When we visited Canada in October 2014, we ran saw this as well. The four U.S. Marines (two men, two women) spoke with a panel of Canadian women, who were all serving in ground combat specialties. My female colleague and I just smiled as we watched the men’s jaws drop when the women talked about the possibility of being forced to live separately from their units. What was the point, they demanded. Why separate the women, put them on the other side of the base? What would the unit do if they were needed immediately? How much time would be wasted sending someone separately to go get the women? It was ridiculous, from their perspective. When the male Marines asked about privacy and hygiene, the women replied, Let us figure it out. We’ll figure it out. We need to be with our units.
Back at Camp Lejeune, the GCEITF traveled to Twentynine Palms, California to conduct The Experiment. There were no barracks at Twentynine Palms. The Marines lived aboard a place called Camp Wilson alternating every few days to live in two man tents at their respective ranges. They did this for the better part of two months.

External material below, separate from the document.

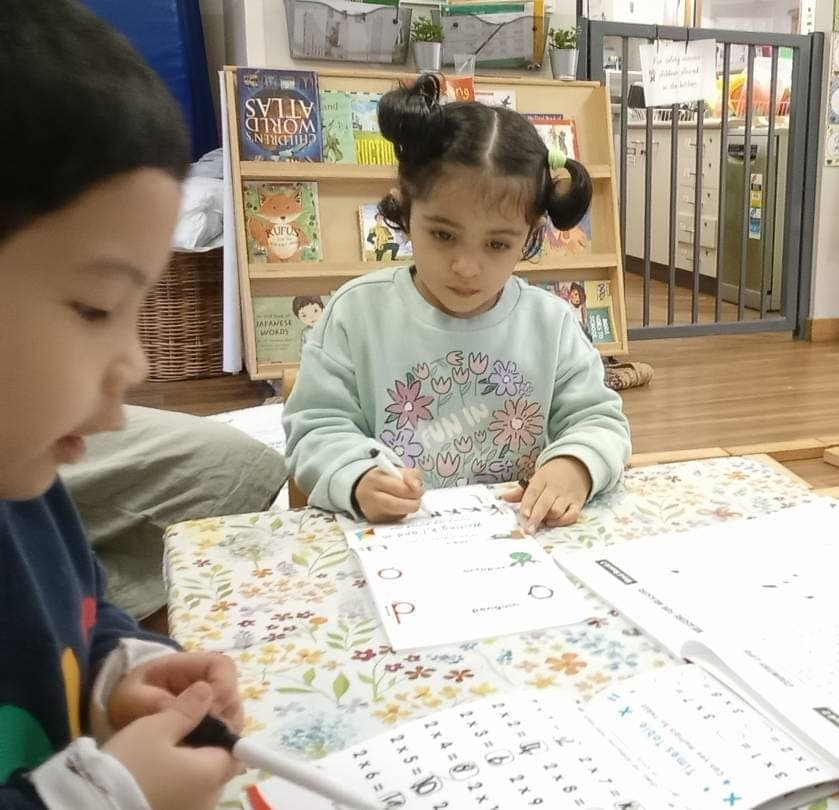 Two kindergarten children practising early writing, surrounded by multicultural picture books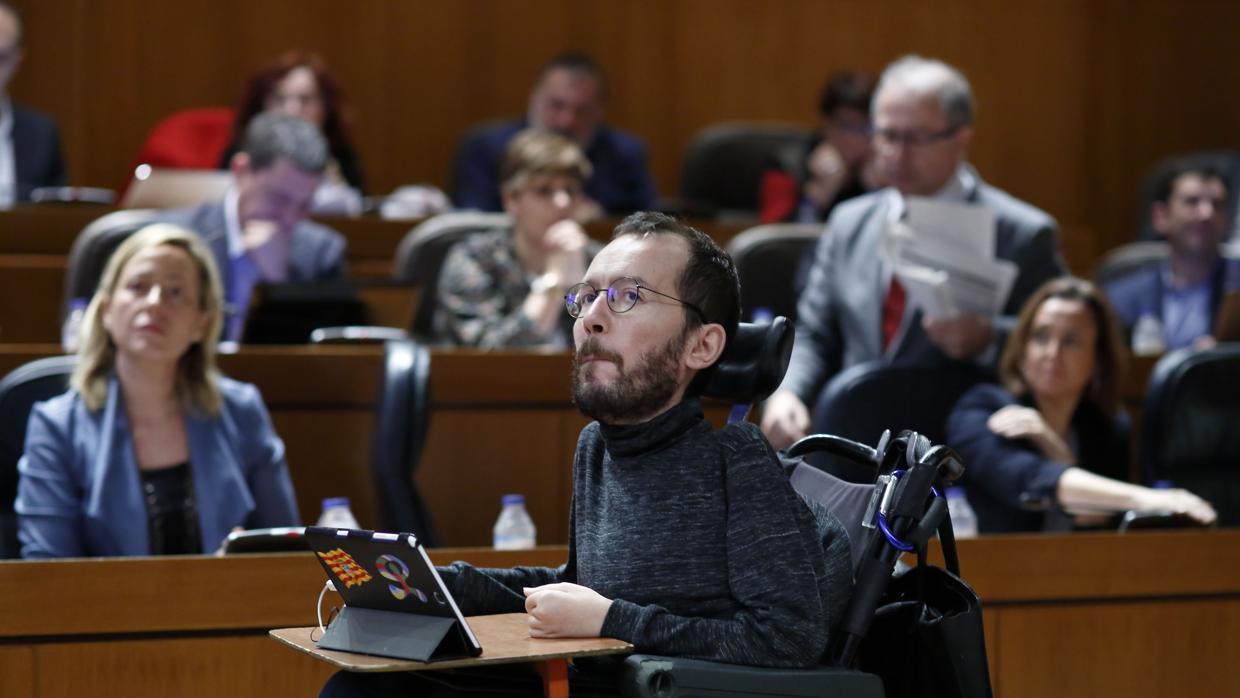 Pablo Echenique, líder regional de Podemos y número 3 del partido a nivel nacional, pasa ante la bancada socialista durante un pleno de las Cortes de Aragón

Quonset huts are relics of World War II. They are long, arch-style structures. They consist of one large room. Marines in a Quonset hut live next to each other, usually on cots, with their personal items and military gear close at hand. It’s definitely close quarter living. There’s not a whole lot of room for privacy. Having established the habit of unit integrity in the barracks at Camp Lejeune, the GCEITF Marines maintained unit integrity at Camp Wilson. This surprised everyone back at Marine Corps Headquarters. Living in the barracks was one thing, but an open room?

Privacy is not really a thing amongst male Marines. They walk around half naked or completely naked much of the time. In the Quonset huts, Marines might put up ponchos with 550 cord (really strong cord) to create some privacy between the men and women, but in such close quarters, privacy was not always possible. Some told me the men might shout a general heads up they were about to change, and anyone in the vicinity could look away, or not. Their choice.
The women rolled with it. Women usually changed in their sleeping bags. We learn this trick early in our careers, and become adept at changing in a wide variety of situations. Out at Twentynine Palms, if the women needed the guys to turn around for a second, they would ask them to do so. And the men would. What began with uncertainty and apprehension turned to respect and camaraderie.2
By maintaining unit integrity from the beginning, the GCEITF leadership established the foundation for everything else that would follow. Women wanted to be treated the same as the men. They demonstrated they could handle the training and suffering inherent in any infantry job. They showed they could roll with Division culture. That opened the door to inclusion, respect, camaraderie and unit cohesion – far more than many would have guessed possible.
FOOTNOTES
1A fire team might live in two rooms, next to each other. A squad might live in several rooms on the same “deck” (floor). A platoon might all live together on one deck. A company might live together in one building. A battalion might live together in a couple of buildings.
2Camaraderie, of course, varied amongst all the combat specialties in the GCEITF. In this instance, I am talking about the Weapons Company Marines, as I spoke with the most men and women from this part of the GCEITF.